**Information supplied:**

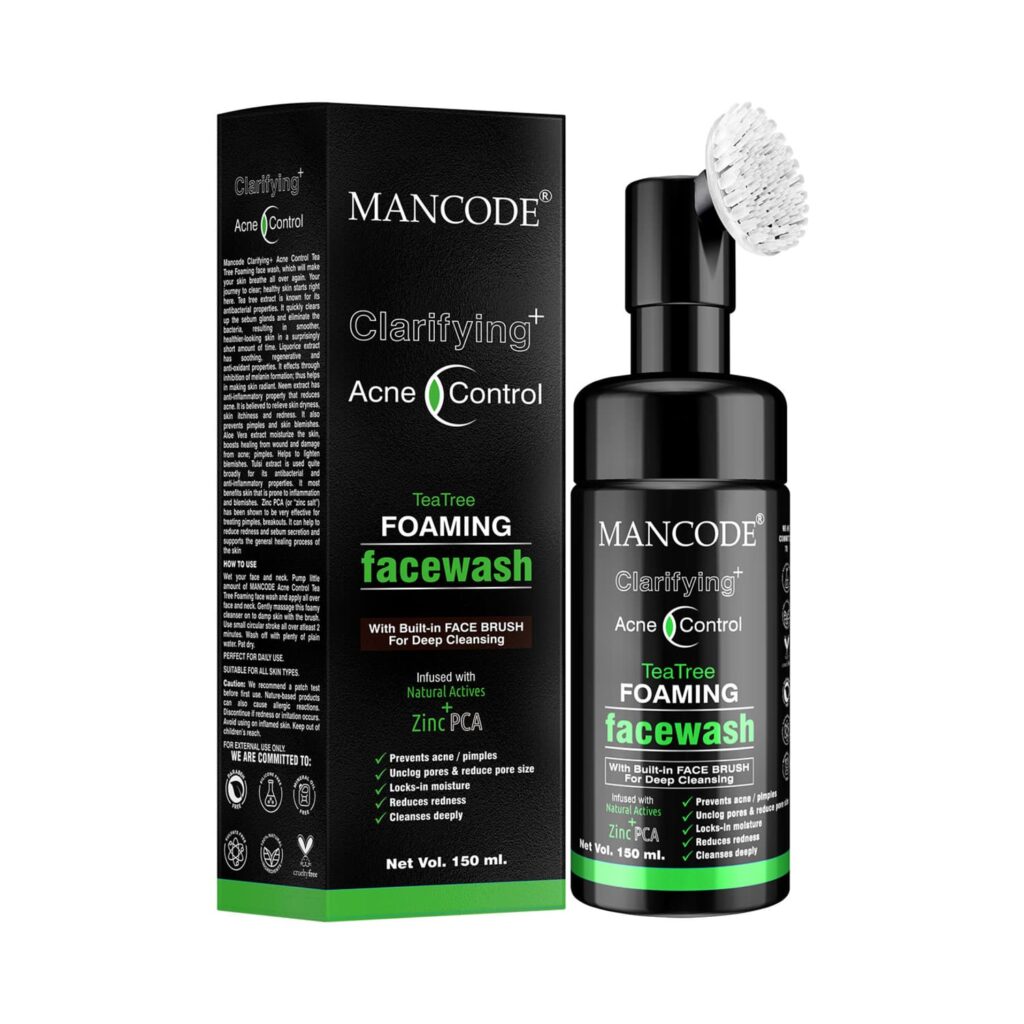 Mancode Acne Control Tea Tree Foaming Face Wash (150ml) - Mancode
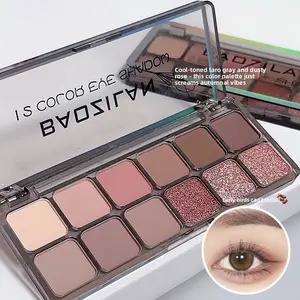 Twelve Color Eyeshadow Palette Brown 12 Versatile Shades Pearlescent Matte Fine Flash Makeup Cosmetic for Enthusiasts and Professionals blendable eyeshadow powder Primrose Rose-Inspired Eyeshadow Palette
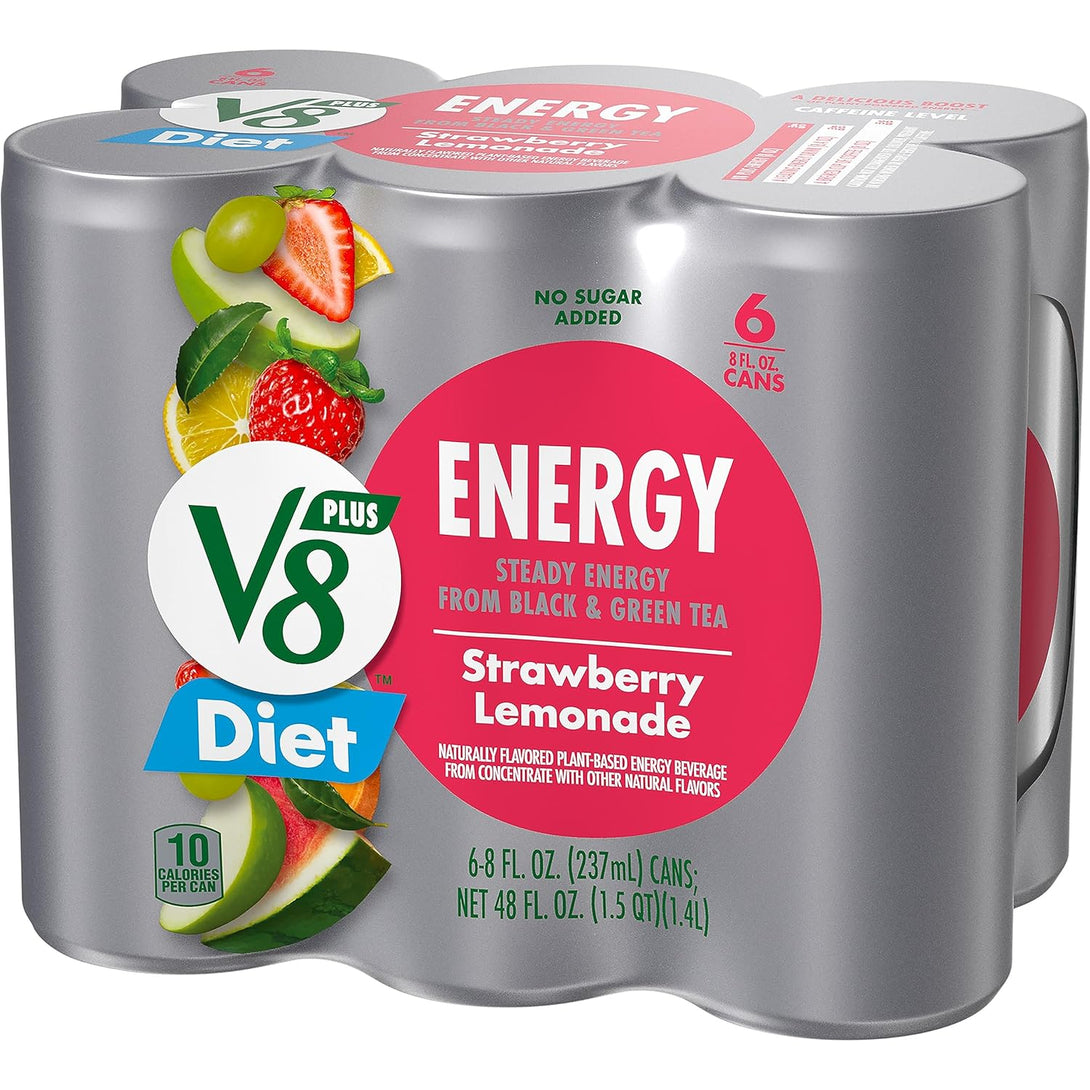 V8 +Energy Diet Strawberry Lemonade Juice Energy Drink, 8 Fl Oz Can (6 Pack)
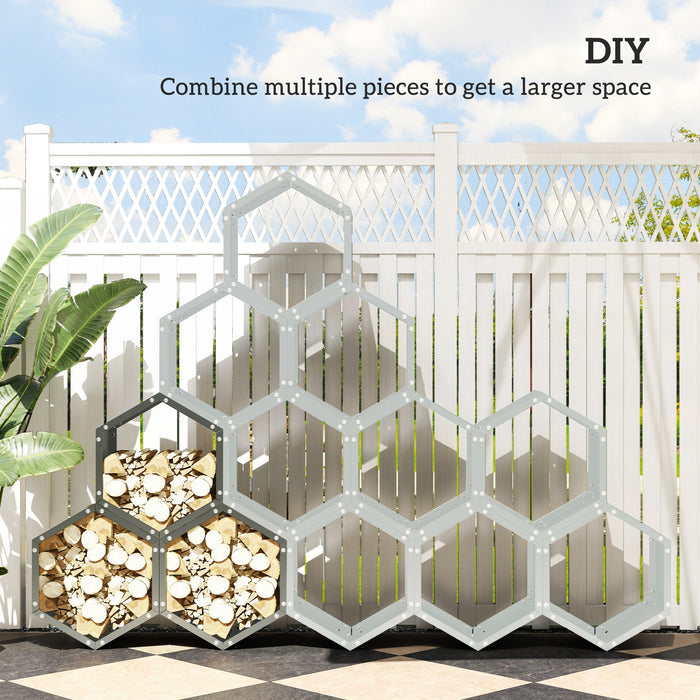Outsunny Three-Shelf Hexagon Metal Firewood Rack - Grey | Aosom UK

**What to do:** Each line above should be written out again exactly, without any image.

**Written response:**
 Mancode Acne Control Tea Tree Foaming Face Wash (150ml) - Mancode
 Twelve Color Eyeshadow Palette Brown 12 Versatile Shades Pearlescent Matte Fine Flash Makeup Cosmetic for Enthusiasts and Professionals blendable eyeshadow powder Primrose Rose-Inspired Eyeshadow Palette
 V8 +Energy Diet Strawberry Lemonade Juice Energy Drink, 8 Fl Oz Can (6 Pack)
Outsunny Three-Shelf Hexagon Metal Firewood Rack - Grey | Aosom UK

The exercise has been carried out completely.